EXERCISE INSTRUCTIONS — From the line that contains "Composite image of" down to the last line of the entries, repeat every line exactly. Do not carry over the pictures.

SUPPLIED RECORDS —
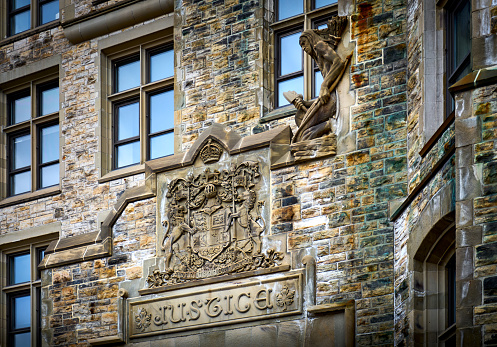 Facade of the historic Justice Building, Parliament Hill. The Canadian coat-of-arms with the word \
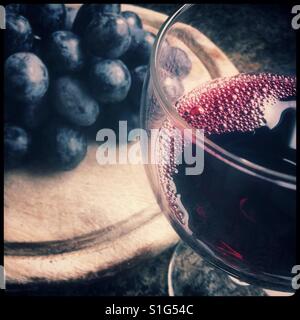 Un verre de vin rouge avec quelques 'Autumn Royal' table [manger] raisins sur une planche de bois. Banque D'Images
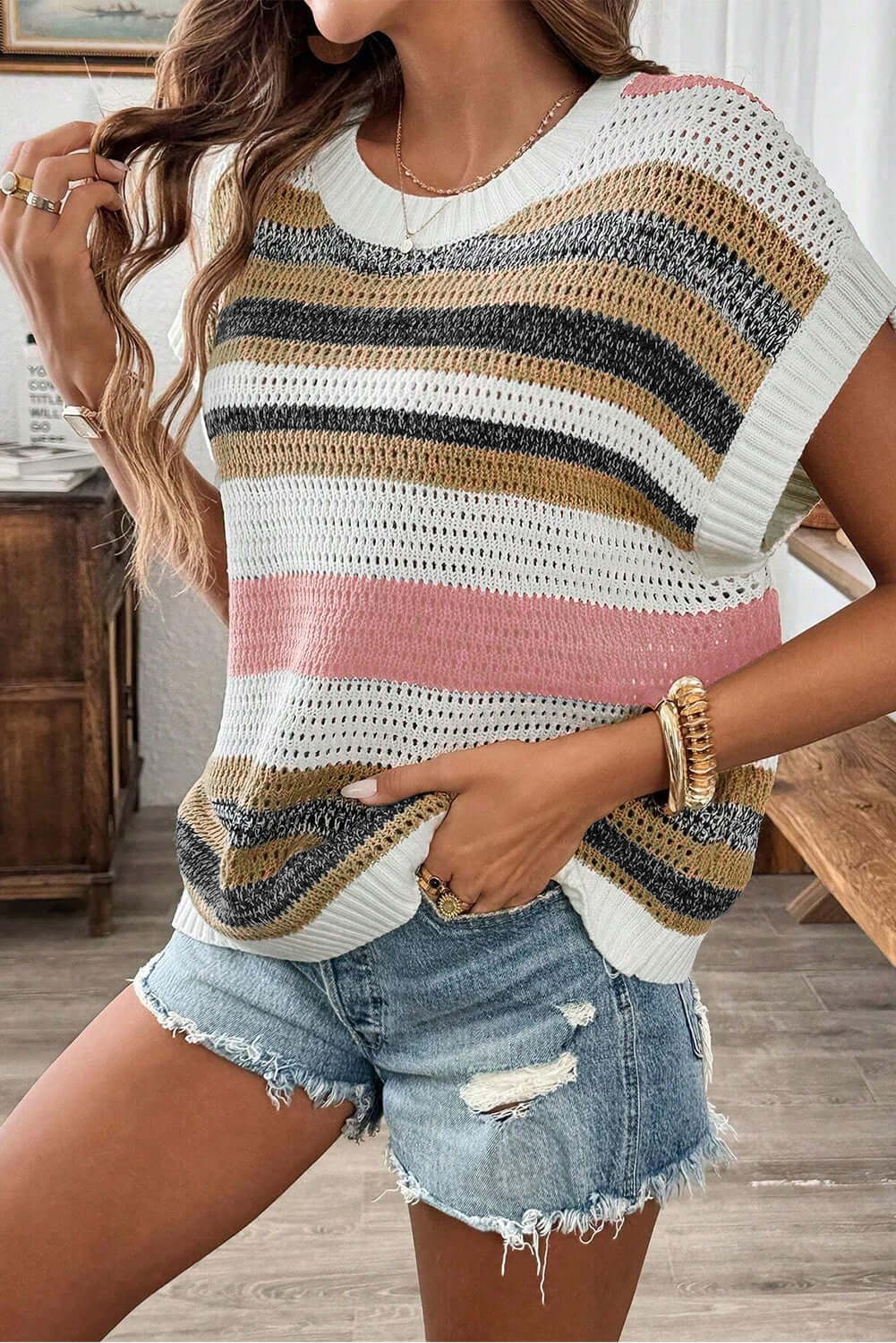 Pink stripe colorblock eyelet knit short sleeve sweater tee from Chic Speak Boutique, showing its vibrant pattern and lightweight fabric.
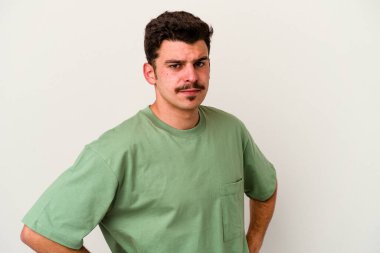 Beyaz arka planda izole edilmiş, hoşnutsuzca kaşlarını çatmış, kollarını kavuşturmuş genç beyaz bir adam..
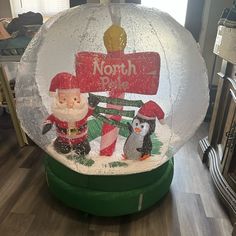 an inflatable snow globe with santa claus and penguins on it, sitting next to a sign that says north pole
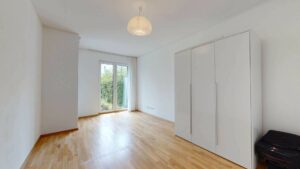 Unmöbliertes Zimmer mit Parkettboden, Einbauschrank und Terrassentür in einer Wohnung in Bogenhausen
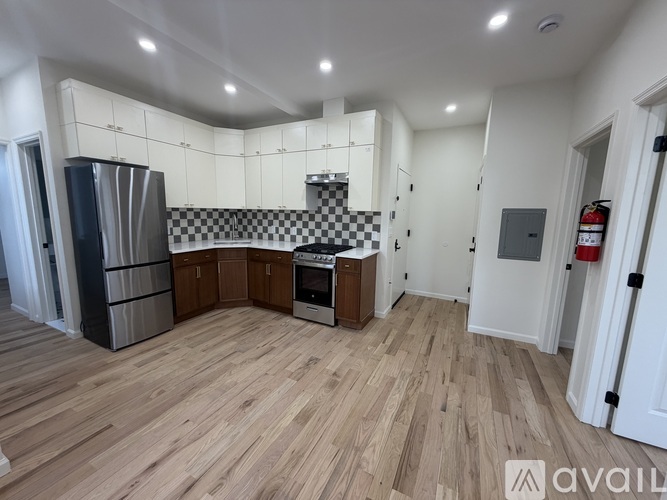 A kitchen with wooden floors and a black and white checkered backsplash.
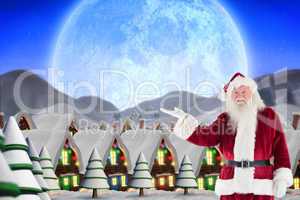 Composite image of santa shows something to camera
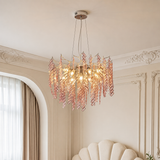 Chandelier with pink and gold leaves in a room with decorative walls and a window.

TASK RESPONSE —
 Composite image of santa shows something to camera
 Chandelier with pink and gold leaves in a room with decorative walls and a window.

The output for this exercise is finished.